E poi c’è una relazione personale: credo che anche per me ci sia un desiderio di essere padre, di accompagnamento. Sento che i giovani mi aiutano a esprimere un mio aspetto che è in tutti.

La scuola di preghiera ha avuto una partecipazione inattesa: è segno di uno spazio che andava occupato?

Credo di si: il desiderio di silenzio, di preghiera, di rientrare in sé stessi sia molto presente nell’uomo di oggi, a Savona come ovunque. E credo che la semplice modalità della scuola di preghiera – Parola, commento, silenzio – venga incontro a questa esigenza. Poi non crediamo abbastanza alla fecondità della Parola: se faccio spazio alla Parola, la Parola fa un percorso in me.

Perché un Sinodo a Savona?

Nonostante quello che tutti dicono, che si faccia un sinodo a Savona non è scontato: come ho scritto nella lettera: “il lavoro dei tavoli potrebbe confluire nella celebrazione di un Sinodo canonico”. Per me, paradossalmente, è più importante il lavoro dei tavoli, una sinodalità dal basso, una sinodalità informale, che non la celebrazione di un Sinodo canonico, che penso faremo nel 2019. Anche perché è una realtà giuridica, con la missione di discernere ma anche produrre norme e azioni concrete: lo scopo dei tavoli, invece, è provare a condividere tra tante persone con età, sensibilità, storie diverse, una passione per il Vangelo e per la Chiesa nel nostro territorio, camminando insieme anche nella Chiesa diocesana, un senso da riscoprire e qualcosa a cui appassionarsi.

Oggi l’idea di politica è molto degenerata, ma rimane un grande valore e un servizio alla comunità: oggi cosa può fare la Chiesa in questo?

Credo che il compito della Chiesa sia testimoniare e difendere la dignità di ogni persona, soprattutto dei piccoli, dei poveri e dei fragili. Forse con un’attenzione particolare verso le due età scartate: giovani e anziani, perché non esiste solo l’età adulta.
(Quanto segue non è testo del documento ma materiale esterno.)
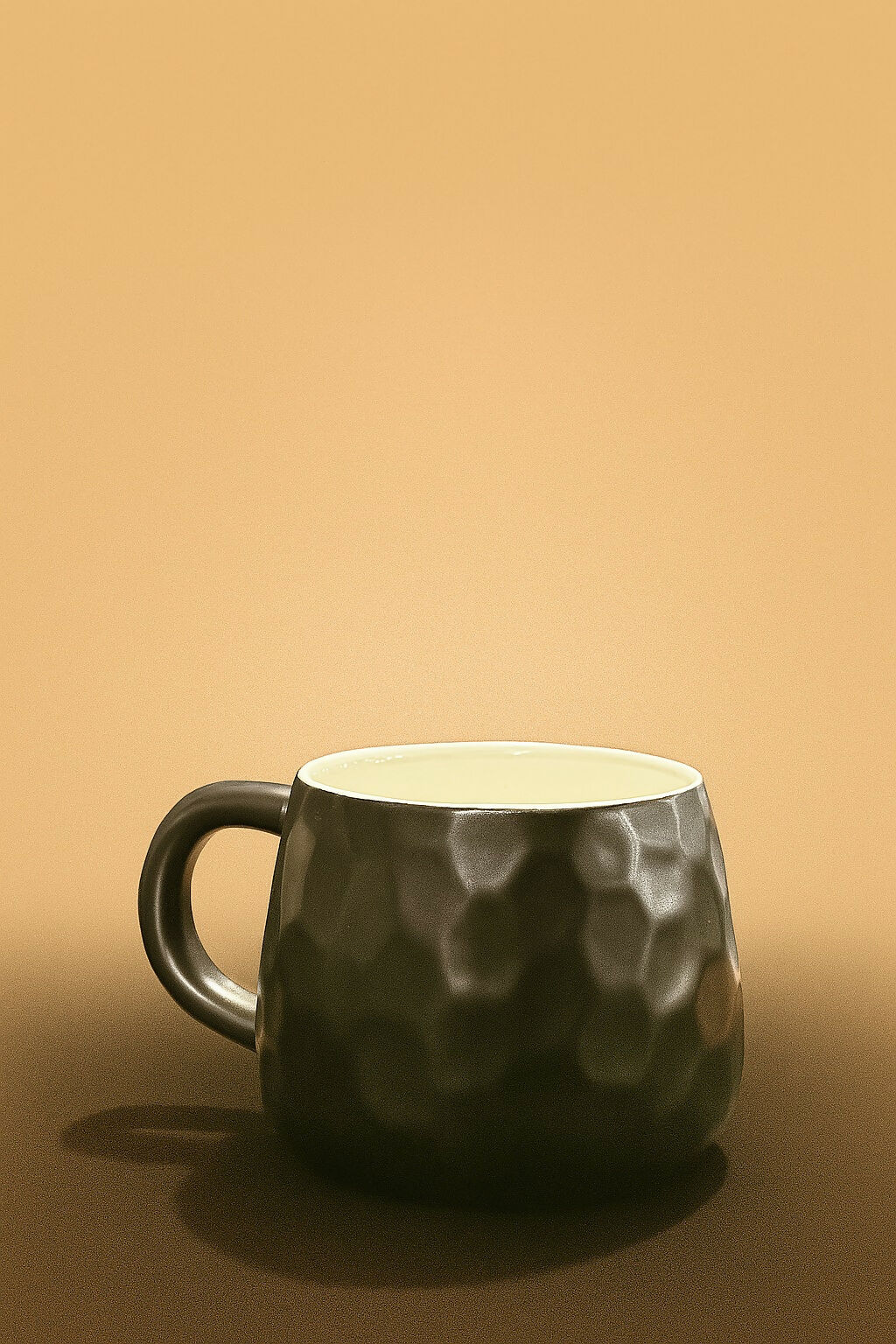 Elegant Black Ceramic “Mr. Right” Mug – Matte Textured Finish with Gold Lettering – Romantic Coffee Mug for Husband, Boyfriend or Groom – Gift for Anniversary, Wedding or Valentine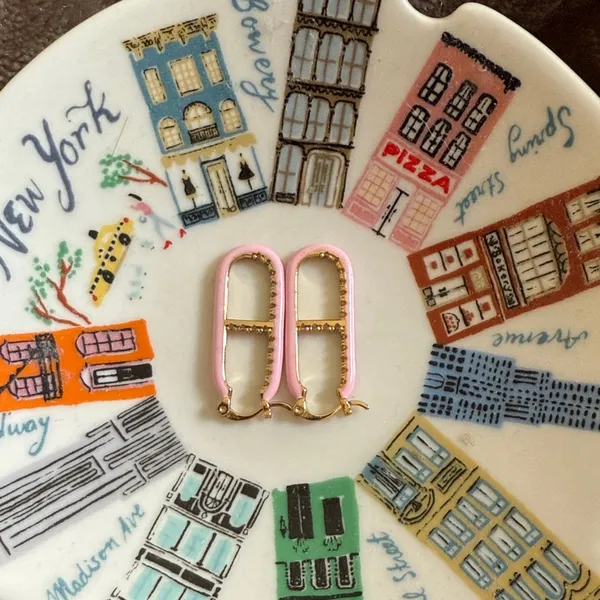 Emma Pills Earrings Pink - Image 3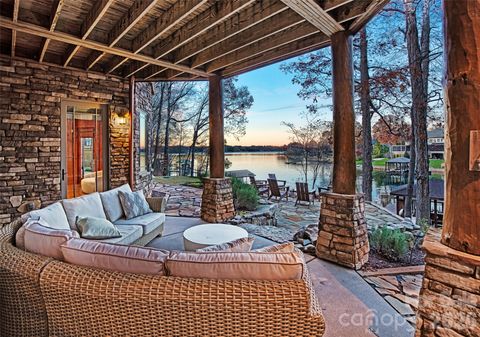 Photo of 512 Stonemarker Road, Mooresville, NC 28117 (MLS # 4289529)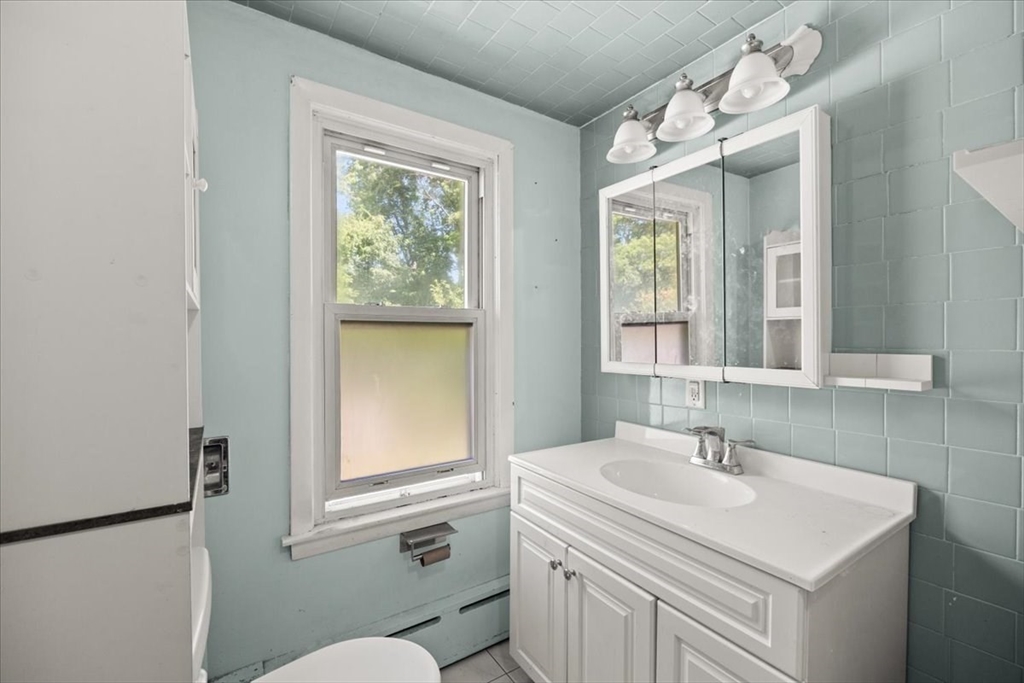 39 Norman Ave, Taunton, MA Photo #14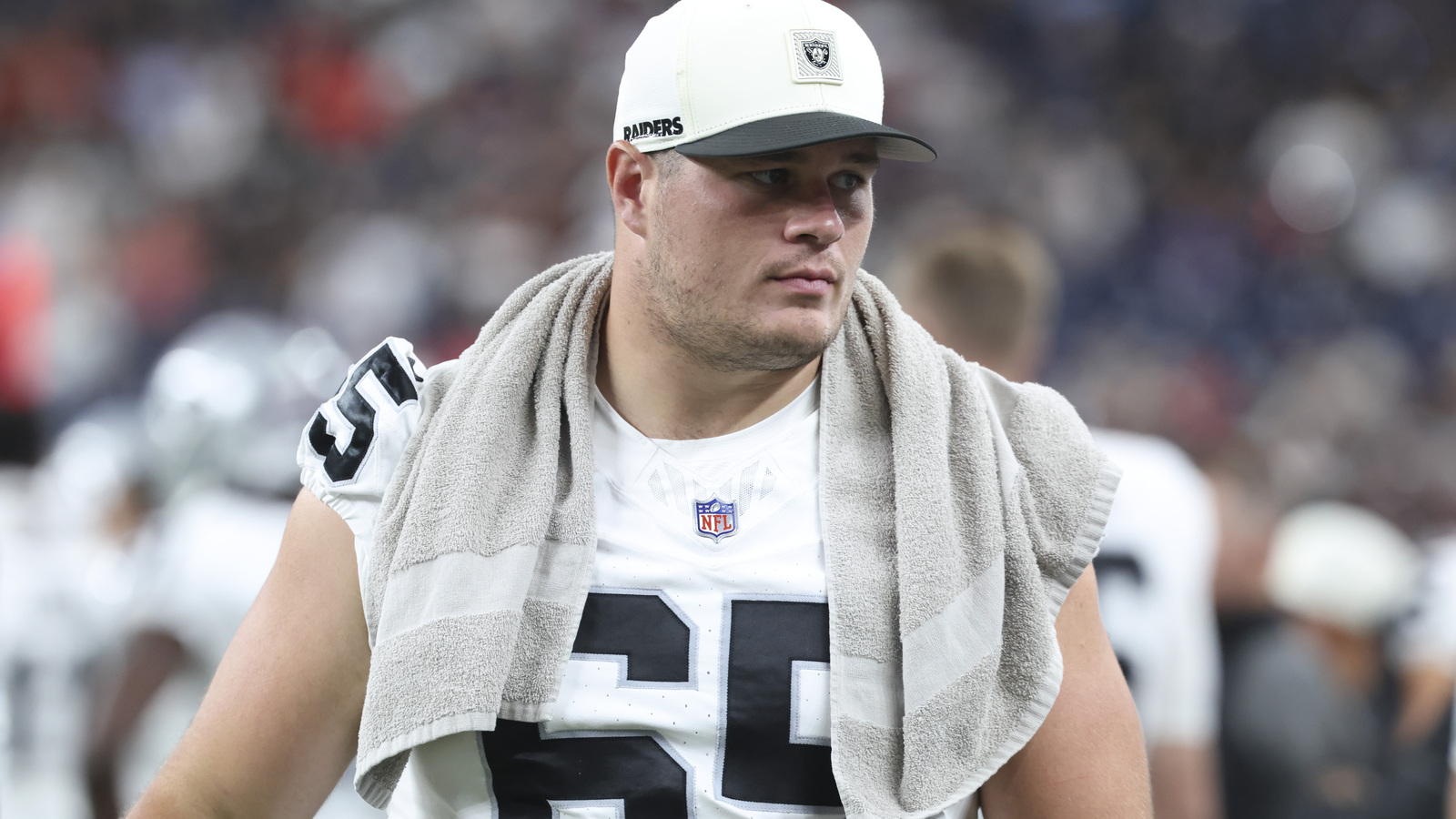 Raiders’ $81 million star drops intriguing hint on QB future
L’altro, se vogliamo, è l’importanza del bene comune: la politica non deve essere affermazione del proprio punto di vista. Giovanni Paolo II parlava di bene comune come “bene di tutti e di ciascuno”.

Infine credo che, per quanto possibile, la Chiesa debba offrire ai cristiani impegnati in diverse formazioni politiche delle occasioni di confronto e di formazione, uno spazio in cui i cristiani si possano ritrovare.